Александр Михайлович благоразумно отказался от спора, и правильно сделал: Гордиенко был на месте. По причине трагичности ночных событий гостей он встретил сдержанно: вежливо, но не проявляя неуместной радости. Вздохнул и жалостливо покачал головой: мол, надо же случиться такой напасти на подведомственной мне территории.
Кабинет его был выдержан в строгом бюрократическом стиле и в то же время не лишен нарядности, которую придавала новая мебель, симметричные портьеры на всех трех окнах и аккуратно расставленные в стеллаже книги. Взор ласкал стоявший между окнами аквариум с одной рыбкой. На столе тоже был полный порядок. За креслом начальника УВД разместилась целая фотовыставка: в центре цветной портрет президента, а по обеим сторонам от него россыпь гордиенковских фотографий. На них изображены счастливые моменты жизни: Альберт Васильевич рядом с министром МВД, он же с начальником областного ОВД, он же с депутатом Государственной думы, физиономия которого частенько мелькает на телевизионном экране.
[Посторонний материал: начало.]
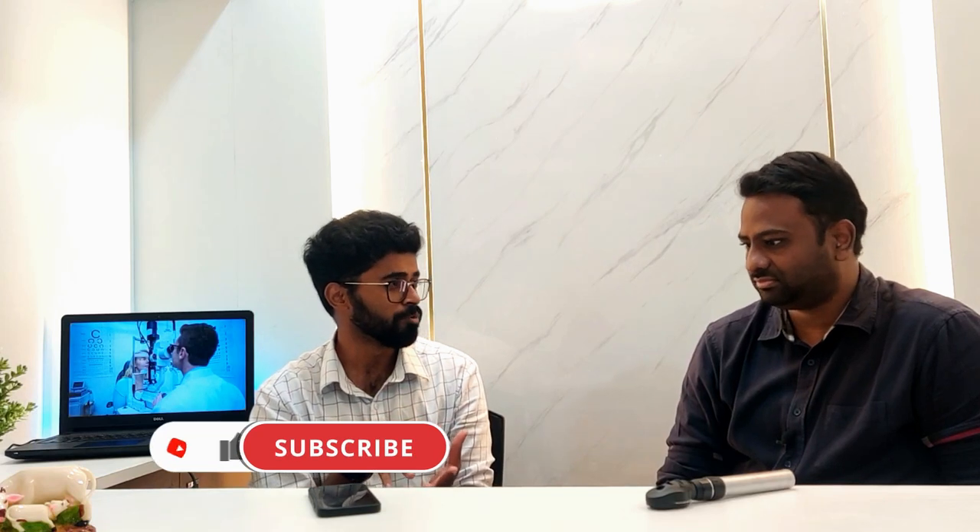Welcome to the channel, Dr. Gautam. I'm really happy to have you here for this career guidance video on ophthalmology. I have a lot of questions, from why this branch to how it should be for PG aspirants. This interview has three segments: first, the importance of ophthalmology; second, life as a PG entering the branch; and third, a fun segment with teasing questions for ophthalmologists.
Турецкий сразу взял быка за рога:
— Альберт Васильевич, нам необходимо уточнить, какого числа у вашего сына украден кортик?
Начальник УВД недоуменно потряс головой, словно пытаясь избавиться от дьявольского наваждения. О чем это он? Какой кортик? Тоже с ума спятил? У нас тут такое творится, а он спрашивает про какое-то заявление. Или мне почудилось?
Следователи терпеливо ждали ответа, и до Гордиенко наконец дошло, о чем его спрашивают.
— Точно сказать не могу. У Анатолия нужно выяснить.
— Полагаю, он тоже может забыть. Лучше ориентироваться на его заявление. Можно посмотреть дату подачи?
— Ой! — Гордиенко сокрушенно махнул рукой. — Мы тут по бедности с ним промахнулись. Пожар у нас был, и часть компьютеров сгорела. Информация, записанная на твердых дисках, пропала.
— Действительно, придется уточнить у Анатолия, — холодно сказал Александр Борисович. — Он сейчас в Зеленодольске?